Il fallimento di un accordo chiave per porre fine al lavoro minorile nell'industria del cacao ha costretto a fare i conti con questo tabù. E se le norme internazionali sul lavoro minorile in realtà peggiorassero le condizioni di vita dei bambini? 

L’undicenne ghanese Samuel (un bambino immaginario, frutto dei resoconti forniti da ONG e osservatori in Ghana) viene dolcemente svegliato da sua madre alle 6 del mattino. Dopo una piccola colazione a base di porridge di mais, si dirige verso l’appezzamento di famiglia di due acri per aiutare a raccogliere i baccelli di cacao, poiché è la stagione di punta del raccolto. Per circa tre mesi all’anno, Samuel abbandona la scuola in modo che la sua famiglia possa guadagnare abbastanza per pagare la sua istruzione.
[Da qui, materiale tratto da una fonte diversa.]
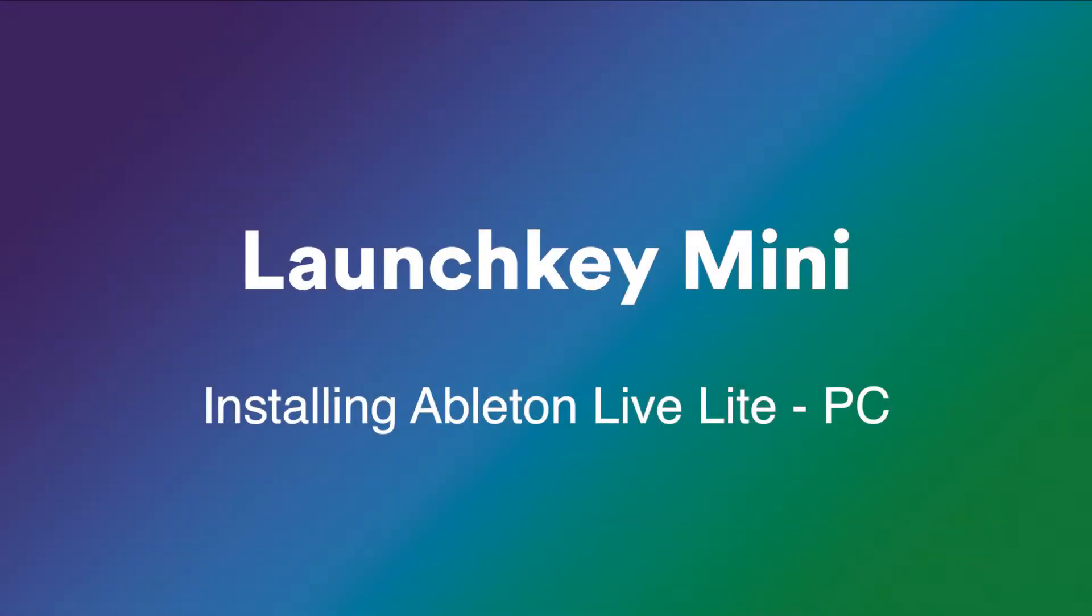In this video, I'm going to explain what Ableton Live is and show you how to install and activate your copy of Ableton Live 10 Lite, which comes with your launch key.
I suoi due fratelli maggiori sono partiti per cercare lavoro nella città di Kumasi. Le sue due sorelle minori sono ancora troppo piccole per dare una mano. I suoi genitori non hanno i soldi per assumere operai. 

Il lavoro deve essere fatto a mano perché i baccelli maturano in tempi diversi sullo stesso albero. Samuel usa un lungo bastone con un gancio di metallo all’estremità per raccogliere i baccelli. Poi, li apre con un piccolo machete e tira fuori la polpa bianca che contiene i semi di cacao.  
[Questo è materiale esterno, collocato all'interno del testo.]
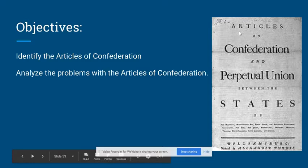Greetings, American history students. This video is about the document that established the first central government of the United States. It isn't the Constitution — it's something called the Articles of Confederation.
Samuel non è un criminale, ma quello che fa è illegale. Durante la sua giornata nella fattoria ha esercitato almeno tre attività pericolose come definito dal quadro del lavoro minorile del Ghana.

Samuel è anche sotto l’età minima legale di 13 anni per il cosiddetto “lavoro leggero”. Se si venisse a sapere, nessuna delle aziende svizzere di cioccolato vorrebbe avere a che fare con i chicchi appena raccolti, perché ciò significherebbe facilitare il lavoro minorile. L’industria del cioccolato è vincolata dalle leggi sul lavoro minorile istitute nella lontana Ginevra, dove ha sede l’Organizzazione internazionale del lavoro (OIL). 

Impegno fallito

Quest’anno, Ginevra e l’OIL celebrano l’Anno internazionale per l’eliminazione del lavoro minorile. Il 2021 segna anche la fine del protocollo Harkin-Engel – un accordo del 2001 che coinvolgeva gli Stati Uniti, i governi ivoriano e ghanese, l’OIL e i produttori di cioccolato. Il suo obiettivo era quello di eliminare le peggiori forme di lavoro minorile nell’industria del cacao.

I numeri più recenti non sembrano promettenti: un rapporto del 2020 commissionato dal Dipartimento del lavoro degli Stati Uniti, che valuta i progressi verso questo obiettivo, ha mostrato che 1,56 milioni di bambini erano ancora coinvolti nel lavoro minorile legato al cacao in Costa d’Avorio e Ghana, secondo le indagini condotte nel 2018-2019. Di questi, il 95% esercitava un’attività pericolosa.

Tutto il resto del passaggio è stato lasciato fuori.